Um dia, no jantar, meu pai olhou pra mim rindo e disse: “Arranjei um trabalho ótimo para você”. E eu só tinha 13 anos, estudante de ginasial nos Maristas.

Explicou que, todo dia de tarde, das 15h às 16h, eu iria dar aulas aos filhos do Ivo, seu sócio no armazém – e Ivo me pagaria por isso, é claro. Garantiu ao sócio que eu sabia tudo, tudinho, confiança total.

Nem pisquei, nem pestanejei, como se diz ainda na Bahia. Os meninos do Ivo estavam para ser reprovados no curso primário, não faziam os deveres de casa, etc.

No primeiro dia de aula (13 anos!), “expulsei” a jovem mãe da sala e perguntei aos carinhas se já haviam feito os deveres: “Puta merda, vocês são uns merdinhas! Tratem de fazer logo, porra!”
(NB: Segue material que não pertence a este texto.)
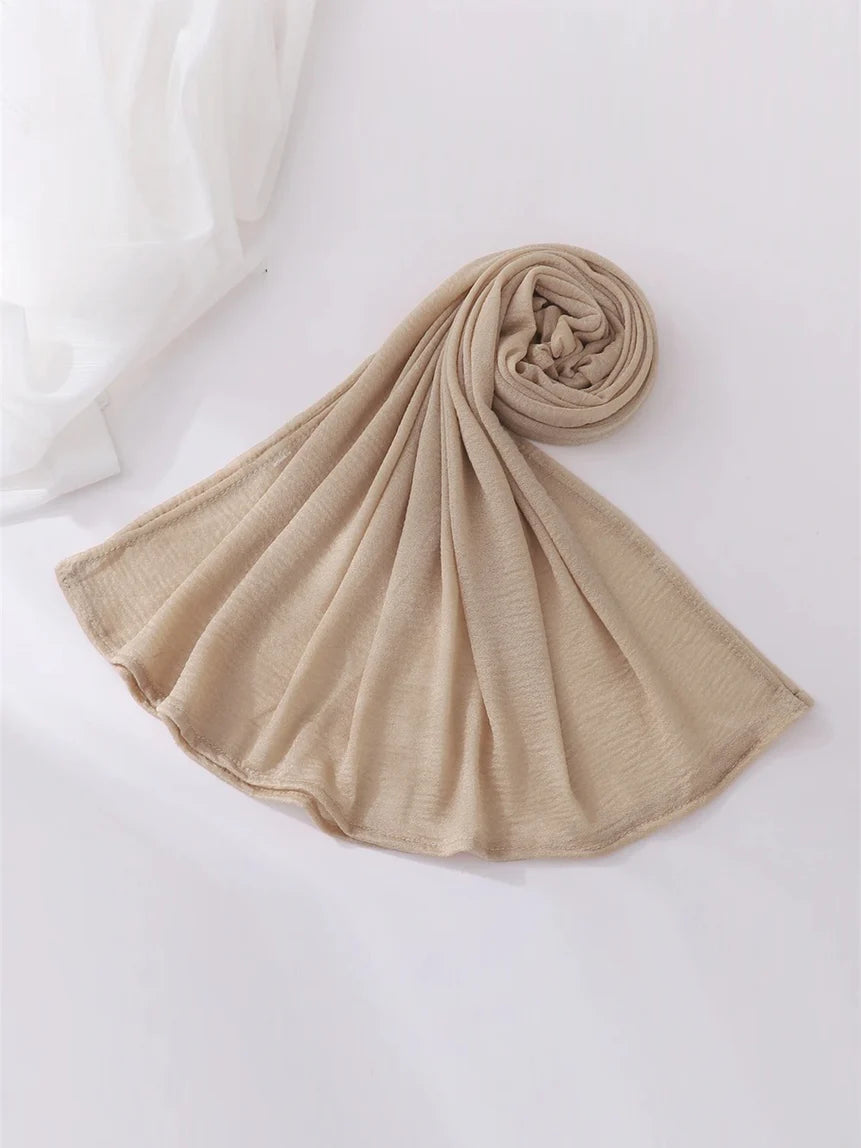 Luxe Jersey Hijabs - Beige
Nenhum aluno nunca viu um professor tão desbocado. Empatia total no primeiro encontro! Às 16h, deveres feitos, lição tomada, peguei minha bicicleta e fui jogar bola com os desocupados da Bahia (redundância!) – que ninguém é de ferro.

Ivo me pagava legal e minha mãe, Cecília, administrava minha grana sem passar pela minha mão (só usei o dinheiro aos 18 anos, para comprar um Fusca velhinho).

A esposa do Ivo, mãe dos meninos, era bonitona (um rapaz de 13 anos não “perdoa” mulher bonita, seja professora ou mãe alheia).

Virei super-herói dela, que me oferecia lanches maravilhosos e me indicou muitos outros alunos, aos quais dei aulas até os 18 anos, quando já trabalhava em jornal.

Fui o “rei da segunda época” em Salvador (hoje, recuperação) e nunca um aluno meu foi reprovado. Dei até aulas de Matemática e Física!

Meu pai nunca comentou nada comigo. Para ele, trabalhar a partir dos 10 anos era normal, banal. Afinal, o dinheiro ficava para mim mesmo, que já tinha todas as despesas básicas pagas pelo chamado lar.

Assim, quando entreguei hoje dez reais à menina dos ímãs, lembrei como é bom ser criança e voltar para casa com o próprio dinheiro.

Esqueçam esta discussão da mesada, pois menino não foi feito para administrar grana. E não fica traumatizado se começar a trabalhar muito cedo.